En 2026, deux familles d'outils cohabitent pour interagir avec une base de données. D'un côté, les clients desktop installés sur le poste du développeur : DBeaver, DataGrip, TablePlus, Beekeeper Studio, QoreDB. De l'autre, les surfaces SaaS hébergées : Retool, Mode, Hex, Metabase Cloud, PopSQL. Les deux familles se ressemblent en apparence, puisqu'elles affichent toutes des tables et exécutent toutes des requêtes, mais elles ne résolvent pas le même problème.
Le choix entre local-first et cloud n'est pas une préférence esthétique. Il a des conséquences concrètes sur la latence, sur la souveraineté des credentials, sur la façon dont l'outil s'insère dans une infrastructure existante et sur ce qui devient facile ou difficile au quotidien. Cet article décrit chaque modèle dans ses détails techniques et indique dans quels contextes l'un ou l'autre est le bon choix.

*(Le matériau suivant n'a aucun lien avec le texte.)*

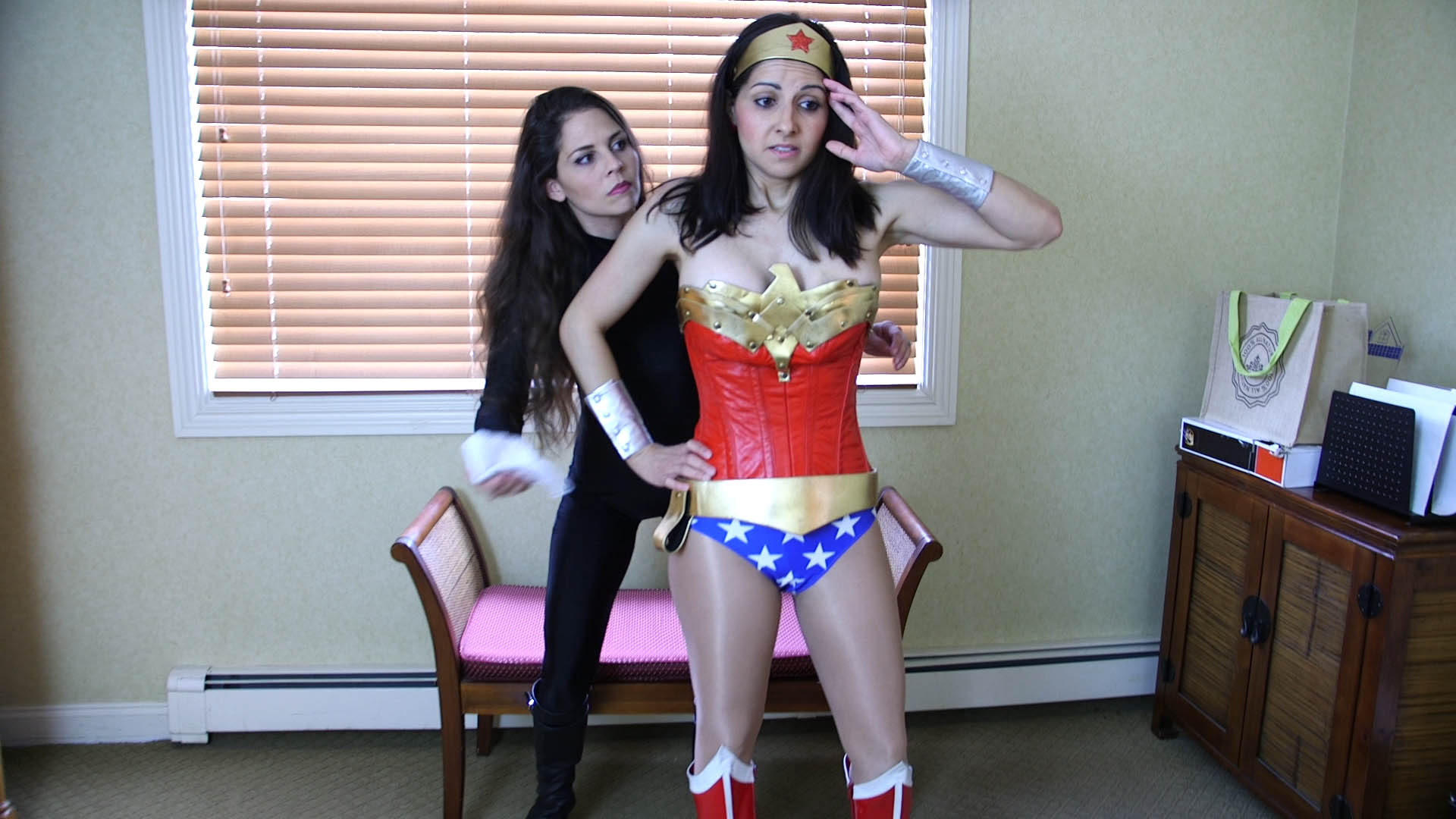 High Bidder Enjoys her Heroine 4K - Image 7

Ce que recouvre techniquement un client local-first
Un client local-first est un binaire natif qui tourne sur la machine de l'utilisateur. Les credentials de connexion sont stockés en local, généralement dans le keychain de l'OS ou dans un vault chiffré applicatif. Quand l'utilisateur lance une requête, la connexion sort directement du poste vers la base, sans passer par un service intermédiaire. L'état applicatif (onglets ouverts, historique, requêtes sauvegardées, snippets) vit aussi sur le disque local.
Cette définition implique quelques propriétés concrètes. Le compte utilisateur chez l'éditeur du client est optionnel, voire inexistant : DBeaver et DataGrip fonctionnent sans inscription, QoreDB aussi. L'éditeur du logiciel n'a pas de backend qui voit les requêtes ou les résultats. Si la base est dans un VPC privé accessible via VPN, le client fonctionne dès que le VPN est actif, sans configuration supplémentaire. L'outil est utilisable hors-ligne pour tout ce qui ne nécessite pas la base (lecture de l'historique, édition d'un snippet, navigation dans un export).
Ce que vise un outil cloud orienté base de données
Un outil cloud comme Retool, Mode ou Hex est une application web hébergée par le fournisseur. L'utilisateur s'y connecte avec un compte, configure une source de données en y entrant les credentials de sa base, puis travaille dans une interface accessible depuis n'importe quel navigateur. Le service stocke les credentials côté serveur, dans un vault qui appartient au fournisseur. Quand une requête est exécutée, c'est le backend du service qui ouvre la connexion à la base, exécute le SQL et renvoie les résultats au navigateur de l'utilisateur.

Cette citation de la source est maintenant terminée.